Hadis Usulünde sabık ve
lâhık, aynı şeyhten rivayette bulunan ve ölüm tarihleri arasında uzun zaman bulunan
iki raviye denir. Önce vefat eden sabık, sonra öleni lâhıktir.
Sabık ve lahika misal
olarak Muhammed b. Serrac'tan rivayette bulunan Buhari ile Ebu'l-Huseyn Ahmet
el-Haffâf verilebilir. Buhârî'nin vafat tarihi 256; el-Haffâf’ınki ise bir
rivayete göre 393 tür. Aralarında 130 bu kadar senelik uzun bir zaman vardır.

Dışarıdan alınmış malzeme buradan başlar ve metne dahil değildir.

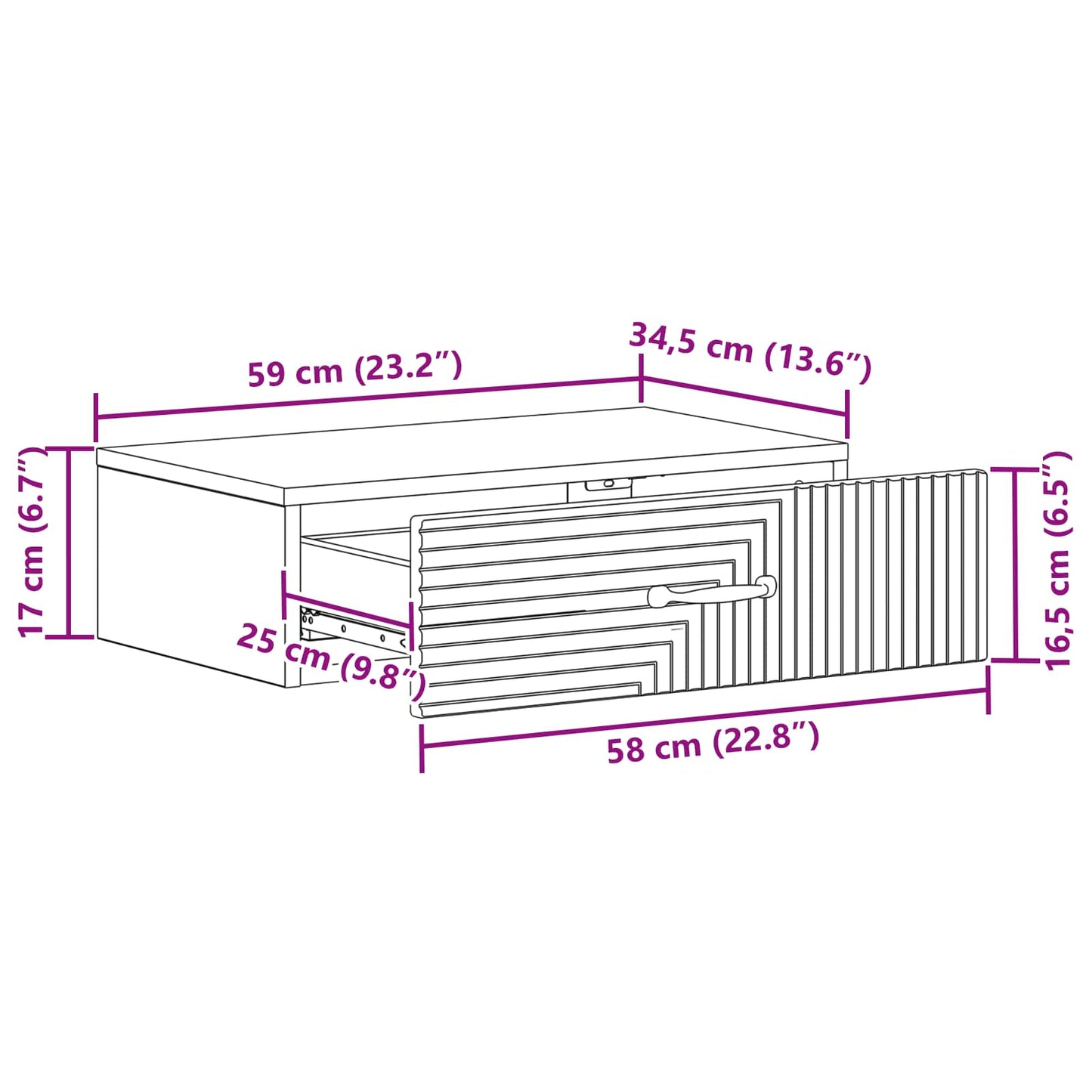vidaXL Wall-Mounted Side Table Sonoma Oak 59 x 34.5 x 17 cm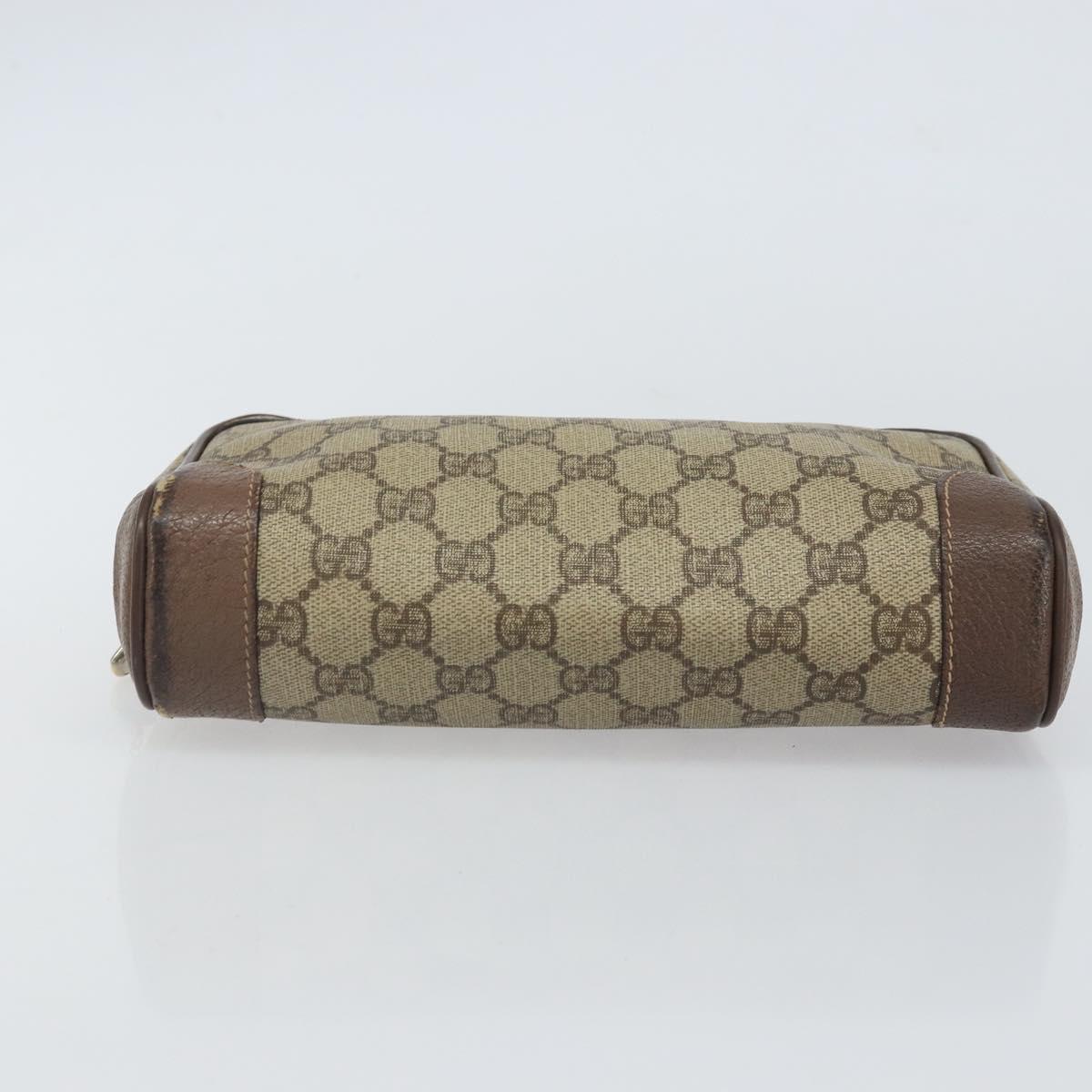 GUCCI GG Supreme Clutch Bag PVC Beige Auth hk3292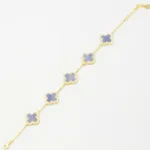 Lila 5li Gold Yonca Bileklik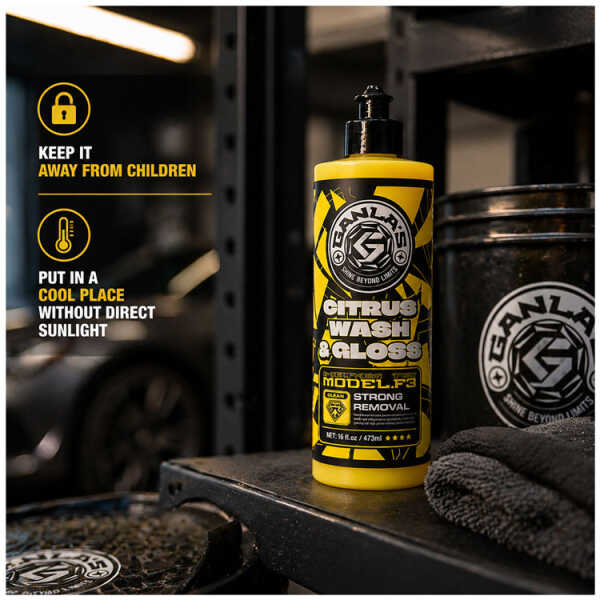 GANLA'S CITRUS WASH & GLOSS 473 ML CAR SHAMPOO | F3 - Image 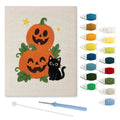 Pumpkin Stack and Cat punch needle kit: finished canvas with threads, punch needle and threader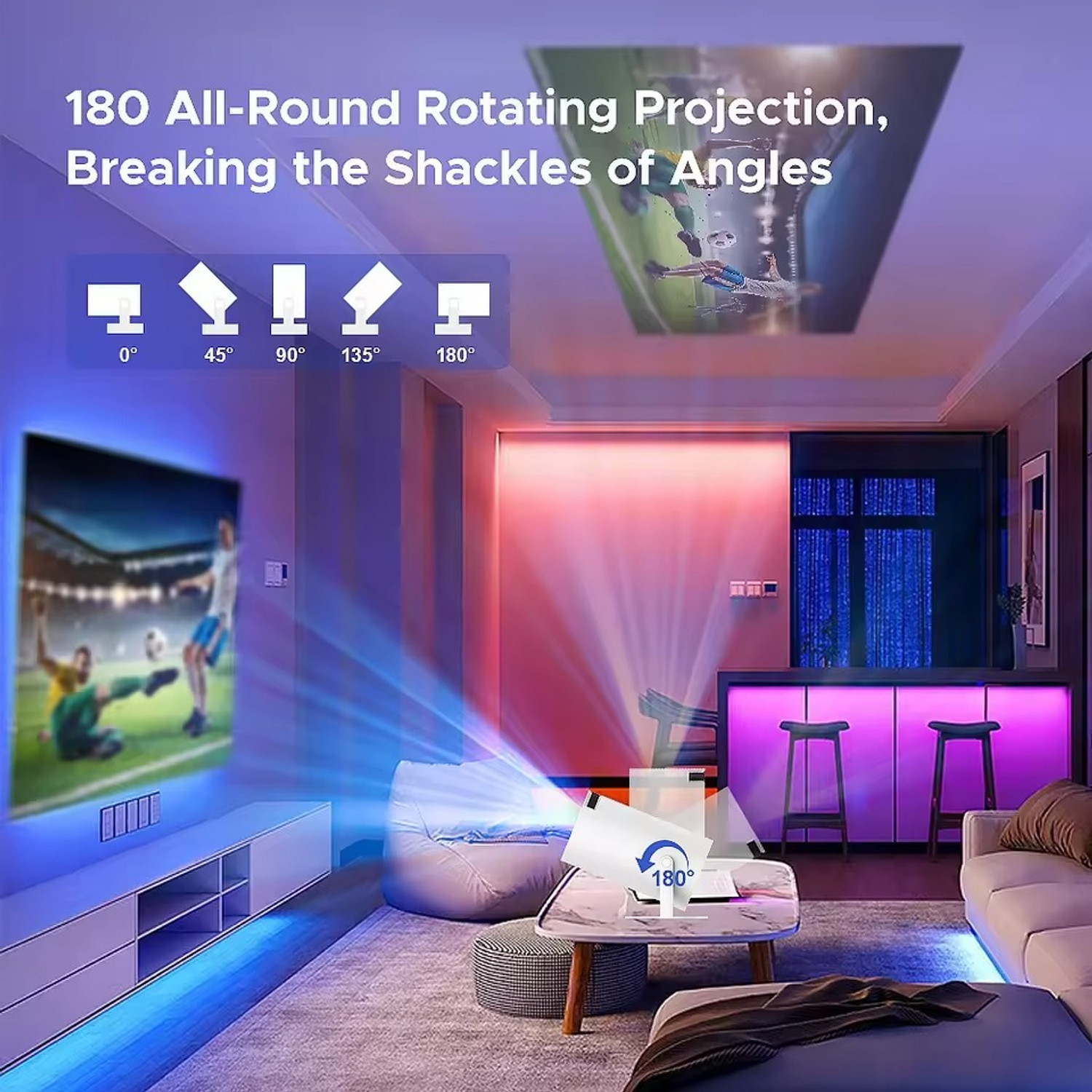 Image of Qolic Mini Projector | 4K Supported | 180 Adjustable Body | Projects 130 Inch (4700 lm / 2 Speaker / Wireless / Remote Controller) Portable Projector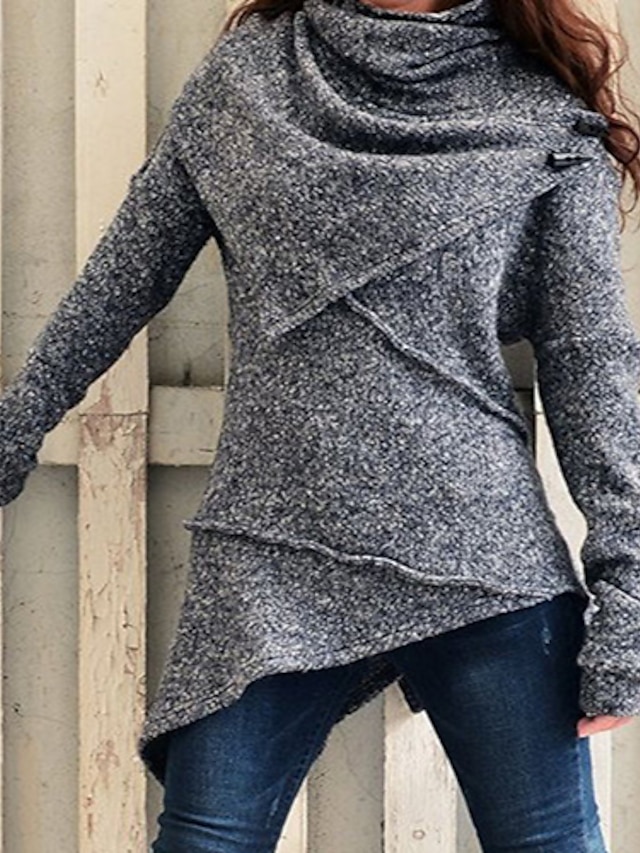  Women's Pullover Solid Color Knitted Long Sleeve Loose Sweater Cardigans Fall Winter Turtleneck Blue Gray Khaki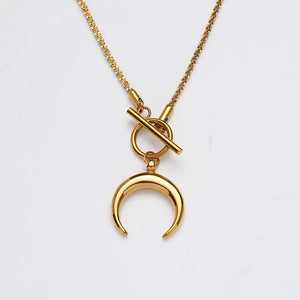 18k OT Buckle Sparkling Clavicle Chain Necklace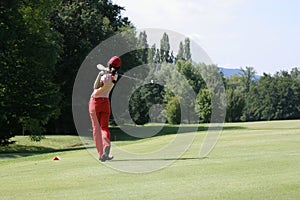 Lady golf swing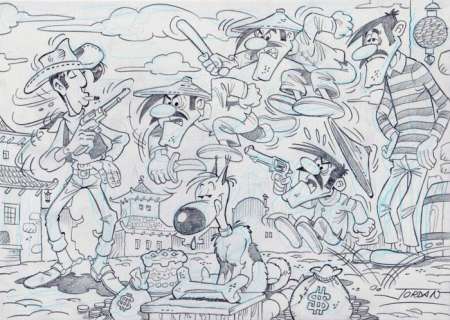 Jordan, Julian | Jordan, Julian - dessin original - Lucky Luke - L’Héritage de Rantanplan | Catawiki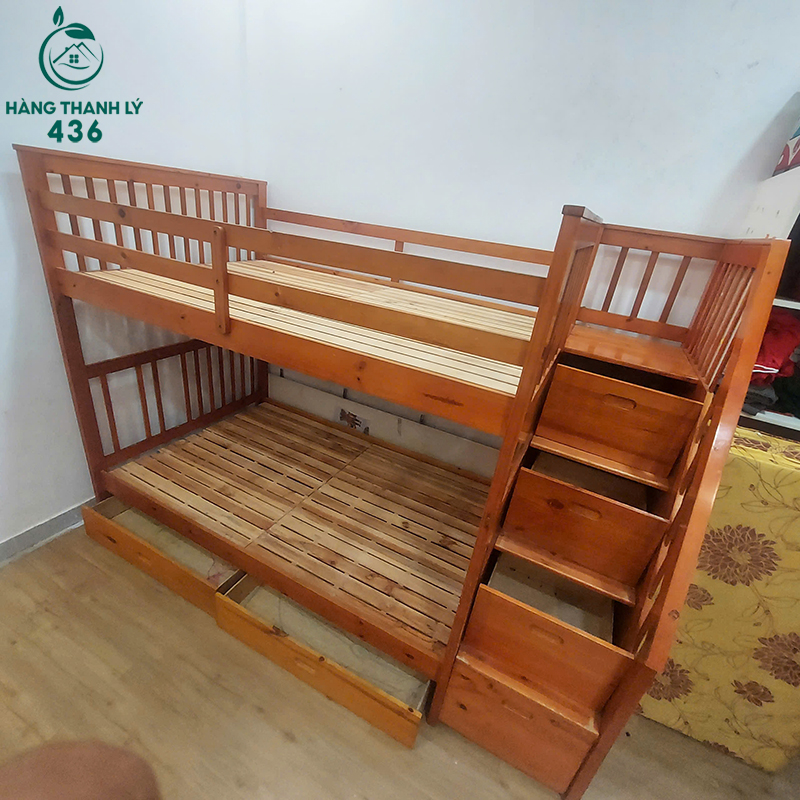 giuong-tang-cu-1m9x1m2-cau-thang-hop-tich-hop-ngan-keo-de-do-2 Giường Tầng Cũ 1M9X1M2 Cầu Thang Hộp Tích Hợp Ngăn Kéo Để Đồ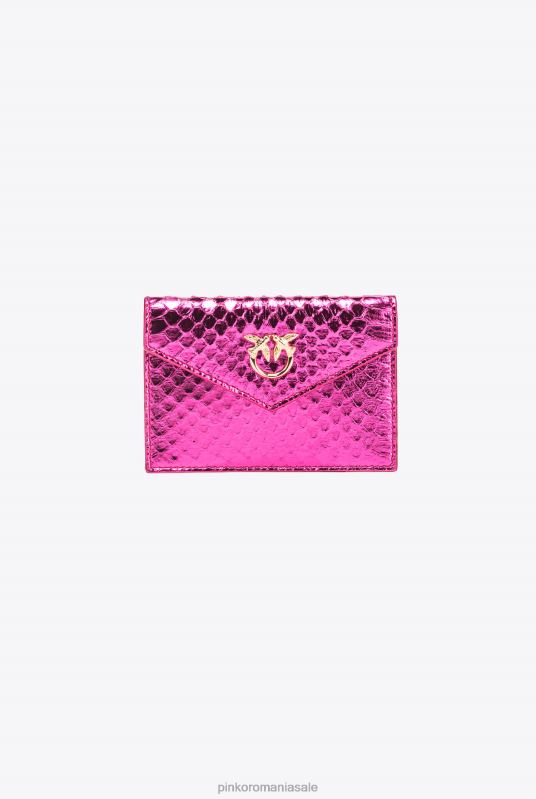 genți clutch | suport de card galleria plat din piele de reptilă laminată Pinko auriu fucsia-lucitor B0D081172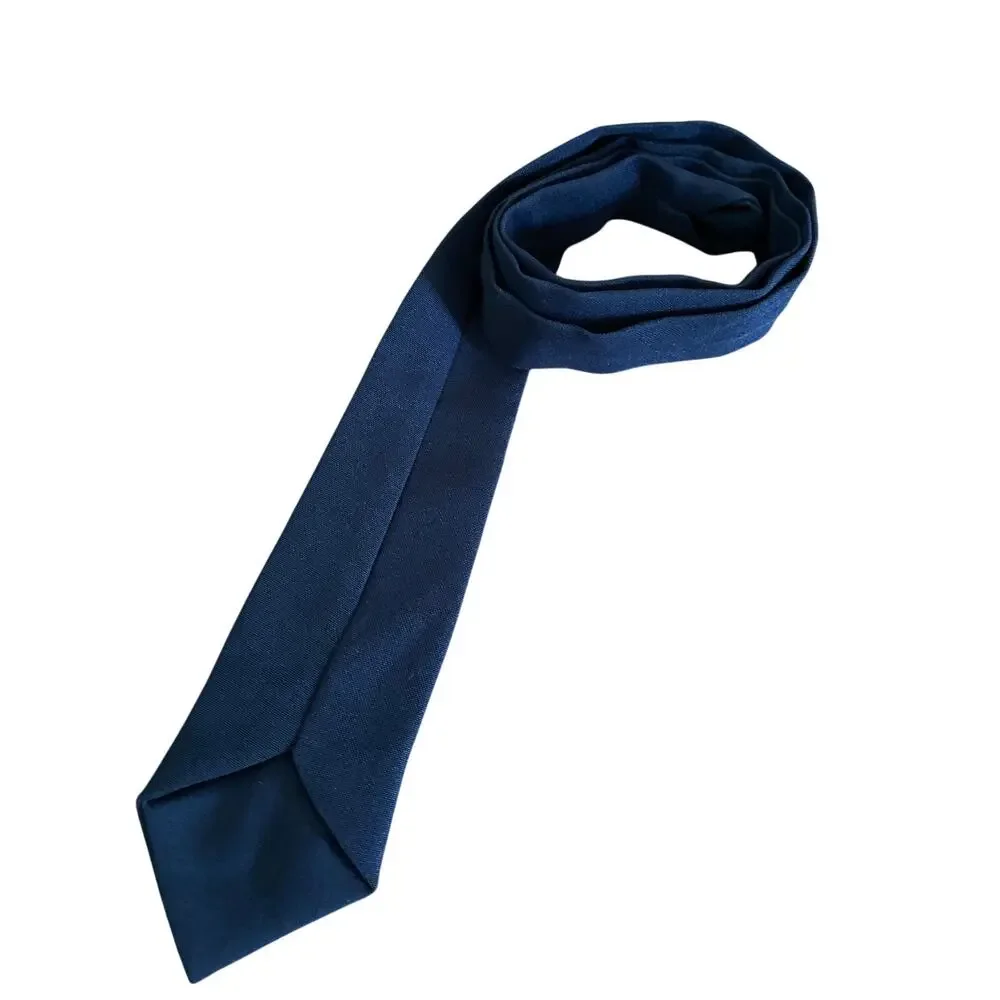 Vintage Navy Blue Solid Skinny‎ Necktie Minimalist Retro Mens Tie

Aynı şekilde aslında şeyhi olduğu halde büyüklerin küçüklerden rivayeti
kabilinden olarak İmam Mâlik'ten rivayette bulunan ez-Zuhri ile Ahmed b.
İsma'il es-Sehmî de sabık ve lâhık sayılmışlardır. İbn Şihâb 124, es-Sehmî ise
259 de öldüklerine göre aralarında 135 sene gibi uzun bir süre vardır.
Bir şeyhten rivayette
birbirlerine arkadaş olan iki ravinin vefatları arasında uzun bir süre
bulunmasının sebebi, kendisinden hadis işitilen şeyhin ravilerinden birinin
ölümünden sonra daha uzun müddet yaşamış olmasıdır. Öyle ki, bazı küçük
yaştakiler ondan hadis işitir ve uzun süre yaşarlar. Bu suretle ilk ravinin
vefatından sonra şeyhin hayatta kaldığı müddet ile ikinci ravinin ölümüne kadar
geçen zamanın toplamından iki ravinin vefatları arasındaki bu uzun süre hasıl
olur.
Aynı şeyhten rivayette
bulundukları halde aralarında uzun zaman bulunan iki ravinin bilinmesi isnadlar
yönünden önemlidir. Bir kere isnadda uluv hasıl olur. Şöyle ki, bir şeyhten
hadis rivayet eden A ravisi ile aynı şeyhten rivayette bulunan B arasında uzun
zaman dilimi varsa, A dan rivayette bulunan rayi, B den rivayet edene nisbetle
âlî isnad elde etmiş demektir. Öte yandan sabık ve lâhıkın bilinmesi isnadda
inkita olup olmadığının açığa çıkarılmasında önemli ölçüde yardımcı olur.
el-Hatîbu'l-Bağdadî'nin
bu konuda es-Sâbık ve'l-Lâhık isimli bir eseri vardır. Bu eserinde aynı şeyhten
rivayette bulunan sabık ve lâhık ravilerle aralarındaki zaman farklarını
vermiştir.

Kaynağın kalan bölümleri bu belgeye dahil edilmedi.